The Un-Common Snowdrop

Carolyn’s Shade Gardens is a retail nursery located in Bryn Mawr, PA, specializing in showy, colorful, and unusual plants for shade.  The only plants that we ship are snowdrops to the US only.  For catalogues and announcements of local events, please send your full name, mailing address, and cell number to and indicate whether you are mail order only.  Click here to get to the home page of our website for catalogues and information about our nursery and to subscribe to our blog.

Hybrid hellebore & G. 'Brenda Troyle'All snowdrops are great companions for hellebores.

Our current snowdrop catalogue is on line here.

I have written a lot of articles about snowdrops, covering among other topics their ornamental characteristics, fascinating history, the importance of provenance, and profiling many cultivars.  For links to all my previous snowdrop posts, click here.  I have never, however, talked in detail about any of the snowdrop species from which cultivated snowdrops, now numbering over 1,000, have been selected.  I hope this post will be the first in a series discussing each of the more important snowdrop species.
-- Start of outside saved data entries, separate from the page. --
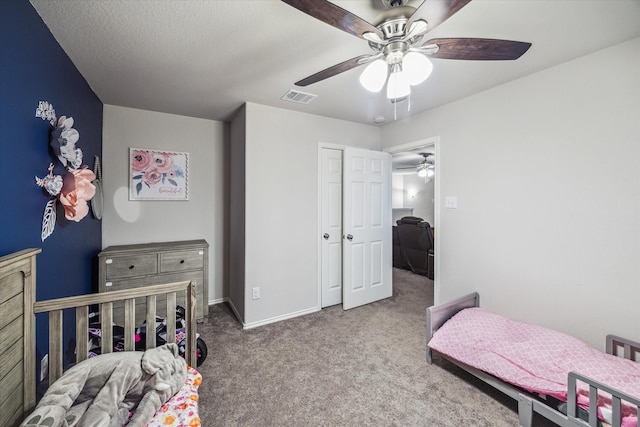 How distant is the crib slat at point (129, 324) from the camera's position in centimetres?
136

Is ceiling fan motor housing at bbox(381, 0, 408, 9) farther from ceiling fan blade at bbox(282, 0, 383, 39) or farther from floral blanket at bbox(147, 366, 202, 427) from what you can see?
floral blanket at bbox(147, 366, 202, 427)

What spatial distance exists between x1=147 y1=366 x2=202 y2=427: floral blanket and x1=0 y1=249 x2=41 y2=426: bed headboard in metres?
0.56

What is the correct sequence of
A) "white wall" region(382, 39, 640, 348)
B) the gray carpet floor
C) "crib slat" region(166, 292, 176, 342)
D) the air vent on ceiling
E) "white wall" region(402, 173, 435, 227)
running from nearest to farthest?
"crib slat" region(166, 292, 176, 342) → the gray carpet floor → "white wall" region(382, 39, 640, 348) → the air vent on ceiling → "white wall" region(402, 173, 435, 227)

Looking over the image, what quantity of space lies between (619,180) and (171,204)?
4061 mm

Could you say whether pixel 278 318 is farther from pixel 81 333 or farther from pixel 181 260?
pixel 81 333

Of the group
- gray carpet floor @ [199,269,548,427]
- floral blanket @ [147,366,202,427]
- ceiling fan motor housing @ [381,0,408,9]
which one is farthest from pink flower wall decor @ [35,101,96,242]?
ceiling fan motor housing @ [381,0,408,9]

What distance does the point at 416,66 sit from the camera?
4.05 feet

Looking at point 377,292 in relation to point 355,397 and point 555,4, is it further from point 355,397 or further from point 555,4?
point 555,4

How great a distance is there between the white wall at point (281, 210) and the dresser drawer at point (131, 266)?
3.17 feet

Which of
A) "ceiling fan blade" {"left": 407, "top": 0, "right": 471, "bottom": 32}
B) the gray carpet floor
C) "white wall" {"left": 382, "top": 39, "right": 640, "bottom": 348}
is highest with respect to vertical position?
"ceiling fan blade" {"left": 407, "top": 0, "right": 471, "bottom": 32}

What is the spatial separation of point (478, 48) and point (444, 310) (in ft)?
6.31

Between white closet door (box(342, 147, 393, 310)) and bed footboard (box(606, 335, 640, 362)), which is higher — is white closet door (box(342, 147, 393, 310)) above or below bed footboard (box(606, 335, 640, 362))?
above

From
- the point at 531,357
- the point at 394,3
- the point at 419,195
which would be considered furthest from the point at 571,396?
the point at 419,195

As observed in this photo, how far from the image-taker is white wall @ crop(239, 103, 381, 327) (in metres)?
2.71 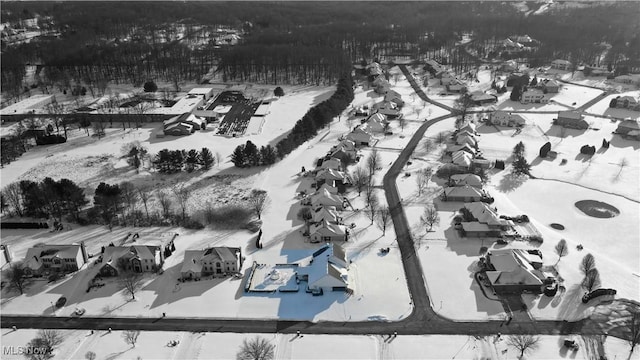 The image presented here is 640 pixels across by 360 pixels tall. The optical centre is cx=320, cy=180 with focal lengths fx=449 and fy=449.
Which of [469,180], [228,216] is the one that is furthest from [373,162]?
[228,216]

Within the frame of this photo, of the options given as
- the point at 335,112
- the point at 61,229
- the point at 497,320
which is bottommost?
the point at 497,320

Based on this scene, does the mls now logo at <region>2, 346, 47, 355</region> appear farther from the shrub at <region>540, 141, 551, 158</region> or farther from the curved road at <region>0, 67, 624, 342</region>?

Much of the information in this post comes from Snowdrops: A Monograph of Cultivated Galanthus by Matt Bishop et al. (Griffin Press 2006) which is absolutely indispensable if you are researching or collecting snowdrops.


Galanthus nivalis & Arum italicum 'Pictum'Common snowdrops pair well with snow crocus (just visible in the background) and really bring out the silver patterning on the leaves of Italian arum, which look fresh all winter.


G. nivalis and C. coum 'Rose'Common snowdrops are a wonderful companion for the leaves and flowers of winter-blooming hardy cyclamen.


Galanthus nivalis & Heuchera 'Creme Brulee'Common snowdrops look great paired with native coral bells, many of which keep their bright leaf colors all winter.

Brian Capon in his very handy book Botany for Gardeners defines a species as a “group of individuals sharing many characteristics and interbreeding freely.”  Generally these individuals are growing in the wild and have a defined native range.  There are 20 types of snowdrops that meet this definition and constitute the genus Galanthus, but only three of them have given rise to most of the named snowdrops: G. nivalis, G. elwesii, and G. plicatus

Here I want to discuss Galanthus nivalis otherwise known as the common snowdrop although it is by no means common in any sense of the word and would be one of the first snowdrops I would add to my collection if I had to start over.  In fact, it has received a coveted Award of Garden Merit from the Royal Horticultural Society.


G. nivalis CressonCommon snowdrops naturalize quickly in the mid-Atlantic U.S. generally by producing bulb offsets.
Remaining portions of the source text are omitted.